The trunk 4 includes (in the present embodiment, a total of 5) peripheral grooves 6 extending annually in the circumferential direction. The peripheral grooves 6 help enhance the surface rigidity of the trunk 4 and impart good shape retainability to the trunk 4. The trunk 4 is also provided in a lower end portion thereof with an annular rib portion 4a. The rigidity (such as the surface rigidity and the buckling strength) of the trunk 4 may be enhanced by various other appropriate ways such as by providing the trunk 4 with longitudinal ribs for reinforcement.
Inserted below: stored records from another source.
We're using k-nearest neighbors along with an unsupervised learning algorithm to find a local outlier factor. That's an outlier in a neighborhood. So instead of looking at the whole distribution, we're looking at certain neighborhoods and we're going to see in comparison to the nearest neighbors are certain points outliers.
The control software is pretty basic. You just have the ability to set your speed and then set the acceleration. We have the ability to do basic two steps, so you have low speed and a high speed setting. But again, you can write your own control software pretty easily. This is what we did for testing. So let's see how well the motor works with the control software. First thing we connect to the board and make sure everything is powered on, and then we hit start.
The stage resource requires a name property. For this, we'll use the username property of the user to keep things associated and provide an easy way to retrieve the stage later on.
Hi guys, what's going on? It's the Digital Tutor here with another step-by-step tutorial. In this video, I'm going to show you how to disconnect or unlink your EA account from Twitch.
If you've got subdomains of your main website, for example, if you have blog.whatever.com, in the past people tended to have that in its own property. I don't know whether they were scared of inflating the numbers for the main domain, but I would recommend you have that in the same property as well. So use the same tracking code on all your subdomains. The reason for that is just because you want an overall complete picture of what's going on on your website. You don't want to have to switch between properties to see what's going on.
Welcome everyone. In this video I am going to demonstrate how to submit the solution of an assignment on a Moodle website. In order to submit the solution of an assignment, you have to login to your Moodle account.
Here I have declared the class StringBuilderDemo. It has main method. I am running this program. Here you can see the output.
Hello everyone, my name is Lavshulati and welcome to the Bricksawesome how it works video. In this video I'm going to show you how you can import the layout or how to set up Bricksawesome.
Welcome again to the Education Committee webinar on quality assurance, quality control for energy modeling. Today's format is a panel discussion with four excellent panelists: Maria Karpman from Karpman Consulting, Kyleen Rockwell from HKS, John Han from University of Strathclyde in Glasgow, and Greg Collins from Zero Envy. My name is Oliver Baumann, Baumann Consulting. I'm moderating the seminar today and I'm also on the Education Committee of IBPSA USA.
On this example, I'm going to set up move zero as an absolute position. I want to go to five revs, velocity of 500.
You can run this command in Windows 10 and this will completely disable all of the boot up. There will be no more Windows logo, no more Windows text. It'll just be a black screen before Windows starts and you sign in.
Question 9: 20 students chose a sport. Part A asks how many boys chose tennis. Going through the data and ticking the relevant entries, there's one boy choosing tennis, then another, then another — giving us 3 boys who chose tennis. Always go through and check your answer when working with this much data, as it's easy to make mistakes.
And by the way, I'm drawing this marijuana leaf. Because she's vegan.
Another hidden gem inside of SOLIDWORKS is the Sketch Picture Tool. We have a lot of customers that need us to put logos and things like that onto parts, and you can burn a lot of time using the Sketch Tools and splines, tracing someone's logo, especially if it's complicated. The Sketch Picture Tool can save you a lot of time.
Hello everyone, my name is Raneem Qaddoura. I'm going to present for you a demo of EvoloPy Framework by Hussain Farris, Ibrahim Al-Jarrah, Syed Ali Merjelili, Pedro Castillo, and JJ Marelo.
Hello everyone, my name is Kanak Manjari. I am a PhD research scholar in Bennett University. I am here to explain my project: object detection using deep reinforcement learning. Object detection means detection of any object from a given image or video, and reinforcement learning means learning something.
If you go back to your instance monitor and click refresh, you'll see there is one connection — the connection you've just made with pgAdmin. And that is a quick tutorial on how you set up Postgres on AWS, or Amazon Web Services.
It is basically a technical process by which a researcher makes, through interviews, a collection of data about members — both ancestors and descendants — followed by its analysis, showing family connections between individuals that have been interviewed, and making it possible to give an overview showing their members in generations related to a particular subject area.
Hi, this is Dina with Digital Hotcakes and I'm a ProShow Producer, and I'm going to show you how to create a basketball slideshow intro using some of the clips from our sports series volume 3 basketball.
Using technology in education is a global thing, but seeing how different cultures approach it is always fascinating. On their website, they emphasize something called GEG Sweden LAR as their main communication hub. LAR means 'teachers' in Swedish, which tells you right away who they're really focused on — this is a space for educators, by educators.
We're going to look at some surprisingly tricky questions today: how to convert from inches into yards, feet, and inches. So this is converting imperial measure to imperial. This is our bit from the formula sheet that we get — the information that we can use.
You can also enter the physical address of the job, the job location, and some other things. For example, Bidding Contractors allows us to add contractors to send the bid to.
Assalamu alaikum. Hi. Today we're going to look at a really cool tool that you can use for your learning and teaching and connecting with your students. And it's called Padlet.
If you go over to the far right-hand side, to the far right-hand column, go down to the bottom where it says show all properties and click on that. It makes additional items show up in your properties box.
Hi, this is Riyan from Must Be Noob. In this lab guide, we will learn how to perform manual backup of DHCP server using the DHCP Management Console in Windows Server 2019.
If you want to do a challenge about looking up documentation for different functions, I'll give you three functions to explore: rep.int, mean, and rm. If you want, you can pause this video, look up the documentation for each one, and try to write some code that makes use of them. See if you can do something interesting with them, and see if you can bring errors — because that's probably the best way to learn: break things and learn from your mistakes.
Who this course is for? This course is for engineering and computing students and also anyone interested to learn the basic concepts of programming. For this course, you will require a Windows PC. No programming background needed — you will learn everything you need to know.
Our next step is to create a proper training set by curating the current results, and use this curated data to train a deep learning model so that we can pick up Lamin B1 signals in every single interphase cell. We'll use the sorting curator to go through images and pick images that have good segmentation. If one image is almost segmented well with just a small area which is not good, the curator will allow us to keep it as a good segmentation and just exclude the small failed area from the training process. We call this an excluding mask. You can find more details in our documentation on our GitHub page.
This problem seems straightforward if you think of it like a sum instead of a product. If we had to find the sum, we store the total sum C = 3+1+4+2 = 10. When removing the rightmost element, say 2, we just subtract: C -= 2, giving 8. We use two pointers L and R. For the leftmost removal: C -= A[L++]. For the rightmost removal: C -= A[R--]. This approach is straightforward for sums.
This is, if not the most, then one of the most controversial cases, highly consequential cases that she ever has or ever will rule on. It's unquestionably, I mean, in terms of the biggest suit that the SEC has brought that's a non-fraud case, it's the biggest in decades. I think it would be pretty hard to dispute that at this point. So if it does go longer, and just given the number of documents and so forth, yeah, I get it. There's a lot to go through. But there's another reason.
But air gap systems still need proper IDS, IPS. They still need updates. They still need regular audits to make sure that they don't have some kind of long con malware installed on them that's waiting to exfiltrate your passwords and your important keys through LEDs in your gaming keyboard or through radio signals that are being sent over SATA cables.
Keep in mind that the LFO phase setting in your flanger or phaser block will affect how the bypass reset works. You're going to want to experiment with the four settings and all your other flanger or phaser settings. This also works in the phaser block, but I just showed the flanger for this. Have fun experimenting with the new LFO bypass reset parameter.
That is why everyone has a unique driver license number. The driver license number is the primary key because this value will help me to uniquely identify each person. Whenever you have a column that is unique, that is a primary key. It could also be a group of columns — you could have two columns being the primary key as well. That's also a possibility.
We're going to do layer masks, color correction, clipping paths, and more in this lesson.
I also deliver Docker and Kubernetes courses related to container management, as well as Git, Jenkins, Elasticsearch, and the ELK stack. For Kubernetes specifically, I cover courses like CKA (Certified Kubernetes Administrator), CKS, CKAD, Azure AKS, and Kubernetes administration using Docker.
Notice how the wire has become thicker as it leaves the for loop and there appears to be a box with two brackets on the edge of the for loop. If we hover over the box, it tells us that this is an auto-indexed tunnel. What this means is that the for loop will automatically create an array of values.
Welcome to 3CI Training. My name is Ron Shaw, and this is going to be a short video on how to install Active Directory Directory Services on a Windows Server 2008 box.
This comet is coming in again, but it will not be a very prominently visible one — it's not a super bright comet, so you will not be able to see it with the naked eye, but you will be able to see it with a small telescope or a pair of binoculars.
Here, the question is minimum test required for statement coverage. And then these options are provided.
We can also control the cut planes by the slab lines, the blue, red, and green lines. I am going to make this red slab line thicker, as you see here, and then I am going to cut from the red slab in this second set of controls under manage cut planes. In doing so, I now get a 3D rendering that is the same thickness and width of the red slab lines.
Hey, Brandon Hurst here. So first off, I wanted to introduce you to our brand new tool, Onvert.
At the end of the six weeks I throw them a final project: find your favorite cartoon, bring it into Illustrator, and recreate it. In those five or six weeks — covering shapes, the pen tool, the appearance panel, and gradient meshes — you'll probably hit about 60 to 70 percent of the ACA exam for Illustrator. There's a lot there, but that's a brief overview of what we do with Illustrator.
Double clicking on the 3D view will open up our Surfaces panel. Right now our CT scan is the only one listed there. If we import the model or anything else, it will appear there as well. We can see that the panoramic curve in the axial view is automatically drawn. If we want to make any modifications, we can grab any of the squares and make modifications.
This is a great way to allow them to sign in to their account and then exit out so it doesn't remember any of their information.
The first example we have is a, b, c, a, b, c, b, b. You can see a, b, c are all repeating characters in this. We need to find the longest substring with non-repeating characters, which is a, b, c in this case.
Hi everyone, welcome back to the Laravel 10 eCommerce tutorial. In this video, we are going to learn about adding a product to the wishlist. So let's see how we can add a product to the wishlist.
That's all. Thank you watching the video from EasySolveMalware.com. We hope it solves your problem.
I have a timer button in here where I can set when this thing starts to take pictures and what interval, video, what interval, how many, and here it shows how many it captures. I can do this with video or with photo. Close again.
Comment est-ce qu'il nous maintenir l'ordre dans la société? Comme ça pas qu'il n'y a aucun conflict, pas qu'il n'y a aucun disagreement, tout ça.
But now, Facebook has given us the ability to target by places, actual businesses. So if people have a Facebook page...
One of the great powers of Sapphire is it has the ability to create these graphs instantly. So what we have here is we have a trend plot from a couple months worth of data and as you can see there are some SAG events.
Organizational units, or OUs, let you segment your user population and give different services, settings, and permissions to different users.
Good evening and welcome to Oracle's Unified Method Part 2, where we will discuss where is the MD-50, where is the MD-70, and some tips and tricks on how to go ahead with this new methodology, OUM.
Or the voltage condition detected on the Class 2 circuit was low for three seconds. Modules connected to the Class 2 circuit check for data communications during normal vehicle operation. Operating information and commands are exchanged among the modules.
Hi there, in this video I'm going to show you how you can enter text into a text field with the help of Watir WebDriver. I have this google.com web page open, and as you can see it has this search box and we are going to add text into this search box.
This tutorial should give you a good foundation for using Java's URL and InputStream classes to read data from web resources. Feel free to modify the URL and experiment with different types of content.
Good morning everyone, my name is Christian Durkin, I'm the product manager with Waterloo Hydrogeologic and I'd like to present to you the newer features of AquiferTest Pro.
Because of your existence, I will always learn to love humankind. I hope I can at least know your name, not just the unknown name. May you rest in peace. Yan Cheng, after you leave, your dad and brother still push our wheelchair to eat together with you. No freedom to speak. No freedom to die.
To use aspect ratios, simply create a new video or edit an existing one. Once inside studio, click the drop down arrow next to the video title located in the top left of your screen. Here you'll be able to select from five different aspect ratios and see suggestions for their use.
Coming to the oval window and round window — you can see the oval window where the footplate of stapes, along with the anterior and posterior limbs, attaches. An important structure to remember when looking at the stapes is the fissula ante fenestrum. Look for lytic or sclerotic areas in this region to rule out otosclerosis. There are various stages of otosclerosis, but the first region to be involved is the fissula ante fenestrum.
The bottom 5 includes an annular-shaped peripheral portion 10 located radially outermost in the bottom 5. The peripheral portion 10 includes a heel wall portion 11 that is connected to a lower end edge of the trunk 4 and an annular-shaped outer circumferential bottom wall portion 12 that is located radially inward from the heel wall portion 11. The heel wall portion 11 includes an outer circumferential cylindrical portion 11a that is connected to the lower end edge of the trunk 4, that is to say, the lower end edge of the rib 4a and also includes a heel-shaped portion 11b that is connected to a lower end edge of the outer circumferential cylindrical portion 11a. The outer circumferential bottom wall portion 12 is connected to an inner circumferential edge of the heel-shaped portion 11b. The heel-shaped portion 11b is a curved portion that is provided continuously between the outer circumferential cylindrical portion 11a and the outer circumferential bottom wall portion 12 and that protrudes downward. The bottom 5 also includes a protruding ridge 13 disposed radially inward from the peripheral portion 10. The protruding ridge 13 protrudes downward from the peripheral portion 10. The protruding ridge 13 is configured to serve as a ground contact portion of the bottle 1 and also configured, when being deformed under a reduced pressure (during absorption of the reduced pressure), to impart the peripheral portion 10 (heel-shaped portion 11b) with the role of the ground contacting portion by being displaced toward the inner space of the bottle above a lower end of the peripheral portion 10. A depressed recess 14 is also disposed radially inward from the protruding ridge 13. The depressed recess 14 has a shape that is depressed toward the inner space of the bottle.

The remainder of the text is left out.